The pro-democracy IT sector lawmaker has called on chief executive candidate Carrie Lam Cheng Yuet-ngor to file a complaint to prevent Beijing’s organ in Hong Kong from campaigning for her.
Lawmaker Charles Mok Nai-kwong claimed that several pro-democracy electors have been receiving telephone calls from either the China Liaison Office, or “intermediaries familiar with the Chinese side,” campaigning for Lam. However, the former chief secretary said on Thursday that she had no power to prevent Beijing’s “visible hand” from canvassing votes for her.

Mok said that if he was running in an election himself, and groups who were not supposed to canvass votes were helping him, he would lodge a complaint with the Electoral Affairs Commission, Hong Kong’s election watchdog. He would also publicly request the groups to cease their activities.
“I think this is a viewpoint, or part of common sense, that should be shared by anyone who has run in an election on any level,” he said.
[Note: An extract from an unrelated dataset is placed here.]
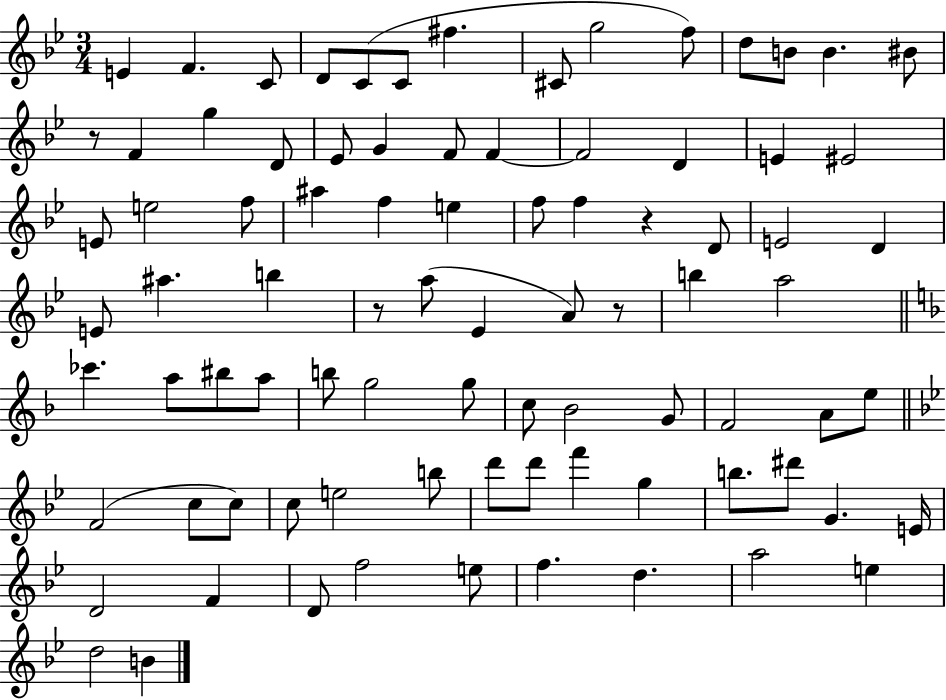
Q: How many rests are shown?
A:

He also added that the 300 pro-democracy members of the Election Committee – Hong Kong’s 1,200-member electoral college which votes for the next chief executive – were not the main targets of Beijing’s alleged vote-canvassing. Yet some of them received calls anyway.
Calls for donations
Earlier, electors from the pro-Beijing camp claimed to have received calls asking them to vote for Lam, including lawmakers Michael Tien Puk-sun of the New People’s Party and Felix Chung Kwok-pan of the Liberal Party. Local media speculated the calls were from the Liaison Office.
On Thursday, online media HK01 also reported that a Shenzhen-based business association named Harmony Club has been sending text messages to its mainland Chinese members, asking them to donate up to HK$100,000 each to Lam’s campaign.

Democrats 300+
The coalition of pro-democracy electors, known as Democrats 300+, says it will support a chief executive candidate who advocates universal suffrage. The form of universal suffrage, however, should not be limited by the so-called “831 decision” of Beijing’s top legislative body in 2014, which stipulates that only two to three candidates would be admitted, following screening by a nominating committee.
Pro-democracy legal sector lawmaker Dennis Kwok Wing-hang said on Thursday that, as far as he knew, pro-democracy electors were more likely to nominate former financial secretary John Tsang Chun-wah or retired judge Woo Kwok-hing as chief executive election candidates. Yet Tsang has endorsed the “831 decision.”
Regina Ip is also standing in the small-circle election scheduled for March 26, 2017.